Sanjeev Tripathi is member of the BJP and former Secretary of the Research and Analysis Wing. Tripathi is the son-in-law of Former R&AW secretary, G.S. Bajpai, and comes from a family of Bareilly, Uttar Pradesh. A keen sportsman, he topped the civil service exam in 1972, and joined the Uttar Pradesh cadre. Few years later, he switched to RAW, resigning from the IPS, and was absorbed in the Research & Analysis Service (RAS), which feeds the ranks of RAW. Mr Vikram Sood is the first RAS cadre officer to be appointed as Secretary (R) in its more than four-decade history. Mr. Tripathi is the Second officer to be appointed as Secretary (R) from the RAS (RAW Allied Services) cadre .

==Biography==

Tripathi played a significant role in tracking down Sikh separatists operating abroad and get them to India to participate in talks with the Indian government. He also served on several key desks, including the Pakistan desk, and also headed agency’s most sensitive special operations division, as special secretary. Earlier, he helped arrive at a peace accord with insurgents in the northeastern states. He also served as commissioner at R&AW’s Calcutta based Special Bureau, which looks at Bangladesh.

Mr. Tripathi, who has extensive experience in intelligence, has his task cut out. As the ARC chief he managed to ensure that the secretive Tibetan force, Special Frontier Force (SFF), gets pension and retirement benefits. The force has not had these benefits since its creation after the 1962 war with China.

Tripathi has been asked by the NSA, Shiv Shankar Menon, to prepare a comprehensive report on personnel policies by 15 January to ensure that the age-old turf wars between RAS and non-RAS cadre officers is laid to rest forever. R&AW has also been suffering from a shortage of recruits; morale is at an all-time low. So Tripathi will have to quickly focus on finding a solution to these squabbles and also focus on India’s restive neighborhood.
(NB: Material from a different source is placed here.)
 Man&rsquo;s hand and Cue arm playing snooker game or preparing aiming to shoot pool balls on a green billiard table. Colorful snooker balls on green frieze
Ten years ago, a Group of Ministers, aided by a special task force on intelligence, had gone about trying to reform India’s intelligence community, which seems mired in controversies and lacking in infrastructure, resources and parliamentary oversight. Now, it is up to the two new chiefs to take forward their inheritance and leave behind a productive legacy.

He joined the Bhartiya Janata Party ahead of the Lok Sabha election in 2014.